At T = 191 (the red line), which marks the start of the COVID-19 intervention, the predicted value of the U.S. Dollar Index shows a slight decline. Although the drop is small and statistically insignificant, it suggests a possible short-term negative impact of COVID-19 on the index.

Over time, especially by T = 235 (the green line), the predicted values begin to rise more rapidly and exceed the counterfactual.
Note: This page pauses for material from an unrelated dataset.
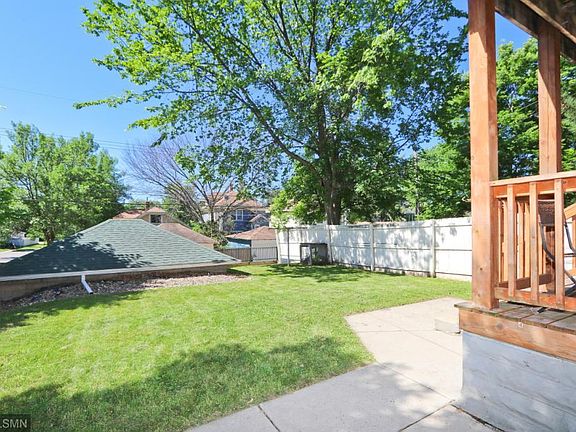 5th image of 778 Hawthorne Ave E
This indicates a delayed effect, where the index strengthened more than expected under a no-COVID scenario.

In the graph:

  • The gray points are the observed monthly values of the Dollar Index
  • The blue line shows predicted values from the ITS model
  • The orange dashed line is the counterfactual trend without COVID-19
  • The red vertical line marks the timing of the intervention (T = 191)
  • The green vertical line highlights a point used to examine delayed effects (T = 235)

Conclusion

COVID-19 was associated with a small, short-term decline in the U.S. Dollar Index, though this immediate effect was not statistically significant. In the following months, the index rose faster than expected, suggesting a positive long-term effect. This pattern highlights the importance of considering both short-term reactions and longer-term shifts when evaluating the impact of external shocks in time series analysis.